● TRY IT: In the records below, find the line containing "1424 Chapman Dr, Lancaster, TX", then print it and every following line exactly, through the last, without pictures.

● Caption-style text data:
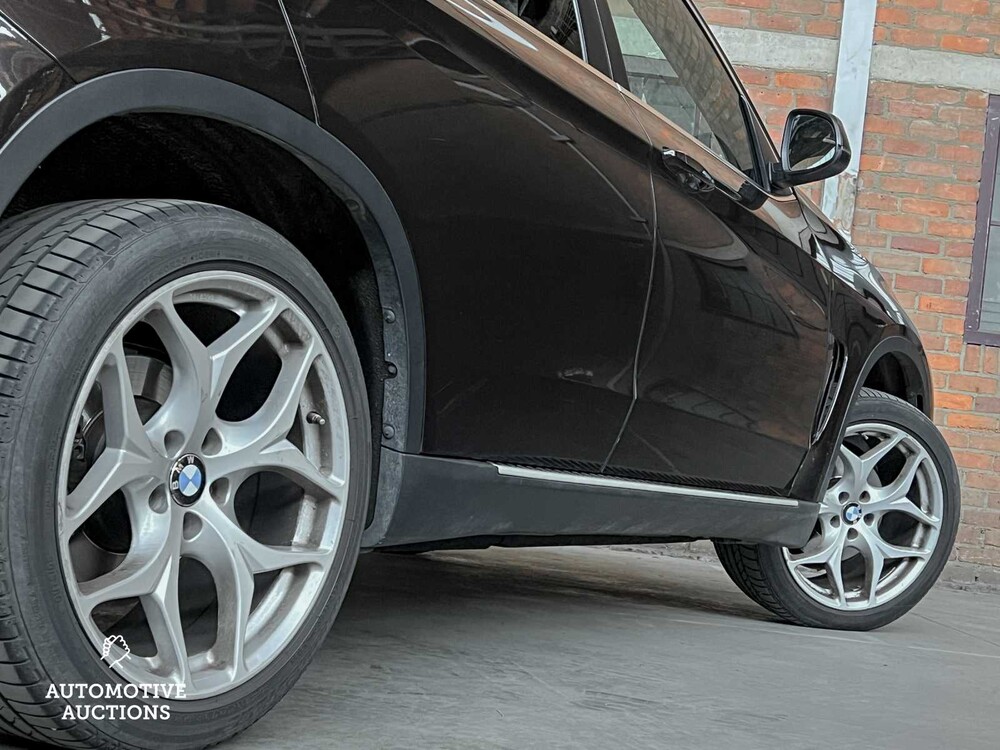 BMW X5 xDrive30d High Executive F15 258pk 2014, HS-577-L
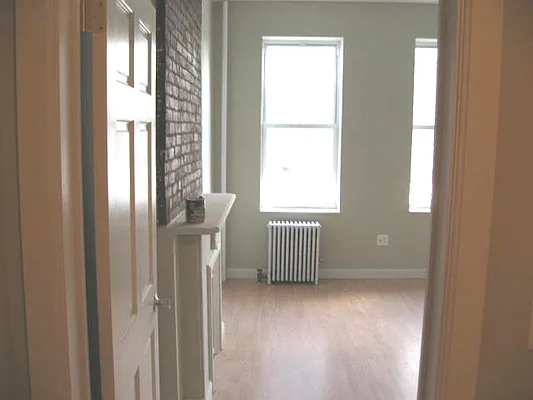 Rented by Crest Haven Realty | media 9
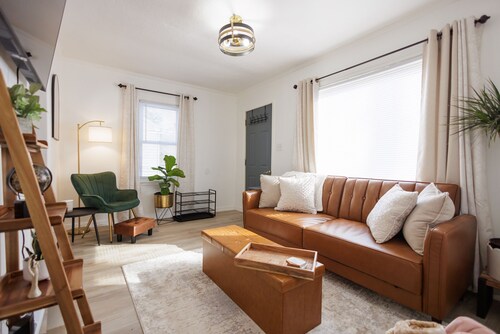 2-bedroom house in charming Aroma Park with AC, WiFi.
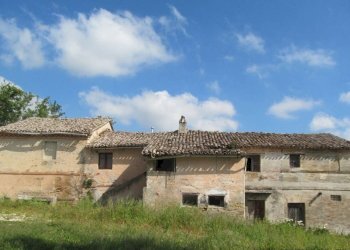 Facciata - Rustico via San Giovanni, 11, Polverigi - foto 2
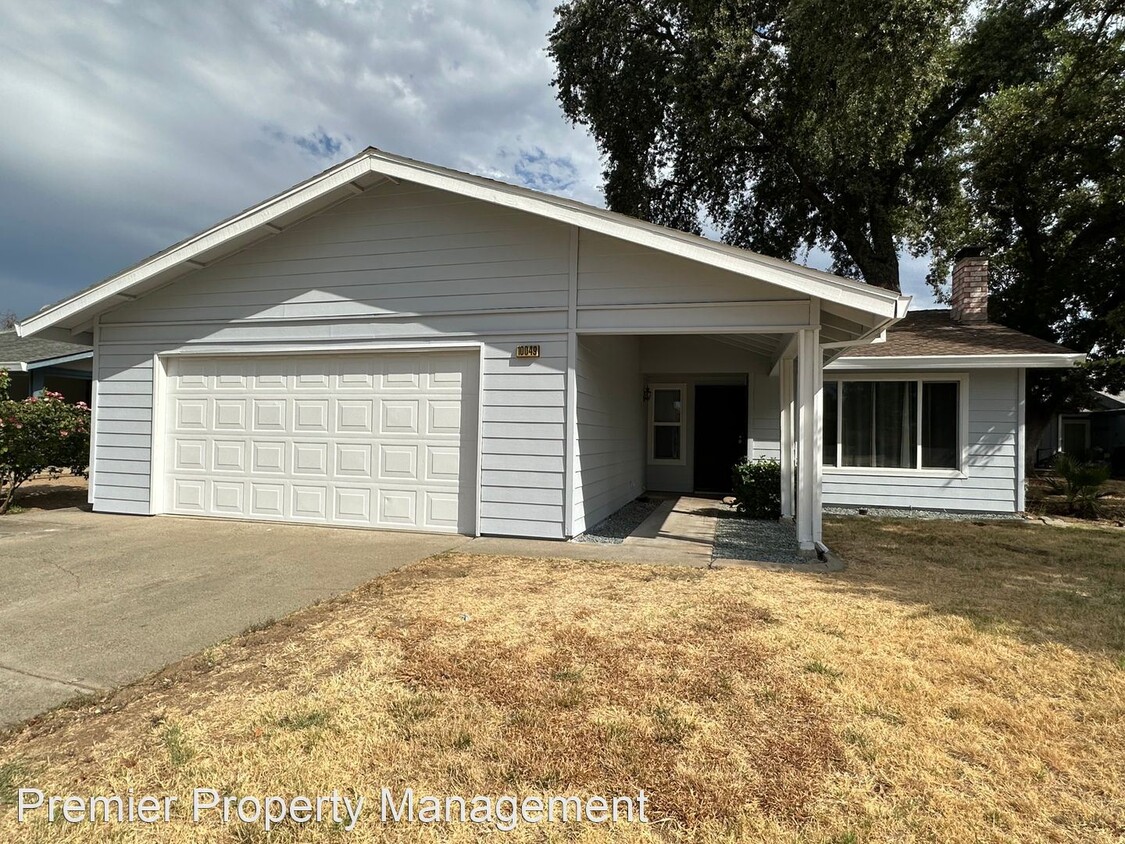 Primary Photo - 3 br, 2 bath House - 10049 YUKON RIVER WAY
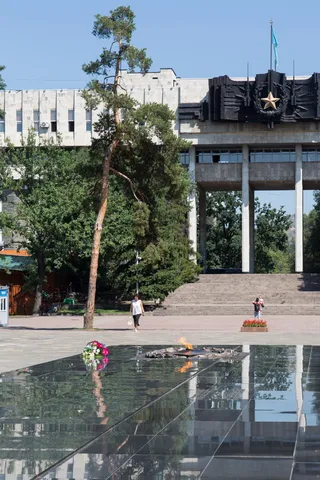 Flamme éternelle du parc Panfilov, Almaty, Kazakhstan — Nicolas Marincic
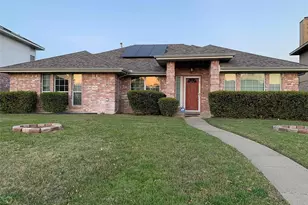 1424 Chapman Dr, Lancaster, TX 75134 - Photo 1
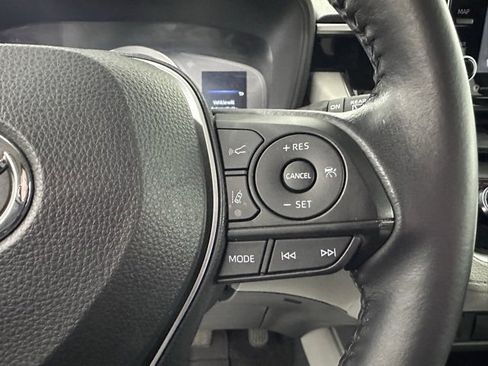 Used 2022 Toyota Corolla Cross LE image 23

● SOLUTION TO THE EXERCISE:
 1424 Chapman Dr, Lancaster, TX 75134 - Photo 1
 Used 2022 Toyota Corolla Cross LE image 23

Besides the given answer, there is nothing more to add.